Enabling SSL Session Caching

The Oracle HTTP server caches a client's SSL session information by default. With session caching, only the first connection to the server incurs high latency. For example, in a simple test to connect and disconnect to an SSL-enabled server, the elapsed time for 5 connections was 5.54 seconds without SSL session caching. With SSL session caching enabled, the elapsed time for 5 round trips was 1.18 seconds.

The SSLSessionCacheTimeout directive in httpd.conf determines how long the server keeps a session alive (the default is 300 seconds). The session information is kept in a file. You can specify where to keep the session information using the SSLSessionCache directive; the default location is the $ORACLE_HOME/Apache/Apache/logs/ directory. The file can be used by multiple Oracle HTTP Server processes.

The duration of an SSL session is unrelated to the use of HTTP persistent connections.
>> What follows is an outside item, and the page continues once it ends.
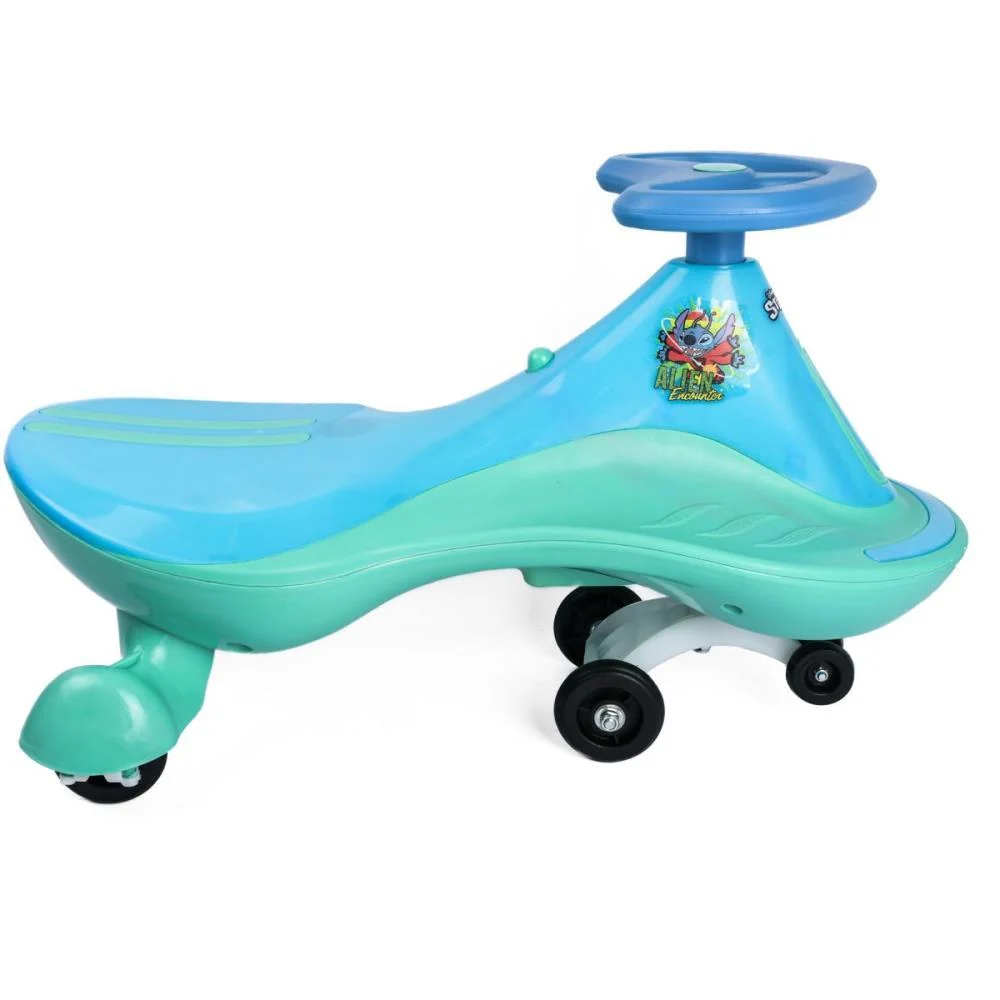 Gira Gira Car Stitch C/Luz Bbr - imagem 4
Understanding Performance Implications of Logging

This section discusses the performance implications of using access logging and the HostNameLookups directive.

Access Logging

For static page requests, access logging of the default fields results in a 2-7% performance cost.

HostNameLookups

By default, the HostNameLookups directive is set to Off. The server writes the IP addresses of incoming requests to the log files. When HostNameLookups is set to on, the server queries the DNS system on the Internet to find the host name associated with the IP address of each request, then writes the host names to the log.

Performance degraded by about 10-12% (best case) in Oracle in-house tests with HostNameLookups set to on. Depending on the server load and the network connectivity to your DNS server, the performance cost of the DNS lookup could be high. Unless you really need to have host names in your logs in real time, it is best to log IP addresses.

Benefits of the HTTP/1.1 Protocol

The Oracle HTTP server can use HTTP/1.1. Netscape Navigator release 4.0 still uses HTTP/1.0, with some 1.1 features, such as persistent connections. Internet Explorer uses HTTP/1.1. The performance benefit of persistent connections comes from reducing the overhead of establishing and tearing down a connection for each request. A persistent connection accepts multiple requests from a user.

For a small static page request, the connection latency can equal or exceed the response latency (the time to fulfill the request after the connection is established), so using persistent connections can result in major performance gains.

Supporting Persistent Connections

If your users' browsers support persistent connections (the default behavior of HTTP/1.1), you can support them on the server using the KeepAlive directives in the Oracle HTTP Server. (Some browsers that do not support all HTTP/1.1 features do support persistent connections; for example, recent versions of Netscape.)

How Persistent Connections Improve Response Times

Persistent connections can improve total response time for a web interaction that involves multiple HTTP requests, because the delay of setting up a connection only happens once.

Consider the total time required, without persistent connections, for a client to retrieve a web page with three images from the server.

Activity	Seconds
Establish connection	1
Produce and send the text portion of the page	5
Establish connection	1
Transfer first image file	2
Establish connection	1
Transfer second image file	2
Establish connection	1
Transfer third image file	2
Total	15

With persistent connections, the response time for the same request is reduced:

Activity	Seconds
Establish connection	1
Produce and send the text portion of the page	5
Transfer first image file	2
Transfer second image file	2
Transfer third image file	2
Total	12

This is a 20% reduction in service time.

How Persistent Connections Reduce Server Workload

Another benefit of persistent connections is reduction of the work load on the server. Because the server need not repeat the work to set up the connection with a client, it is free to perform other work.

In-house tests using an OracleJSP application (lotto.jsp, one of the samples that ships with Oracle9i Application Server) and persistent connections showed an improvement of about 20%, with a single user making 5 requests per connection. With an increased number of users (10-100), the performance improvement was less dramatic, but still significant (6% or better).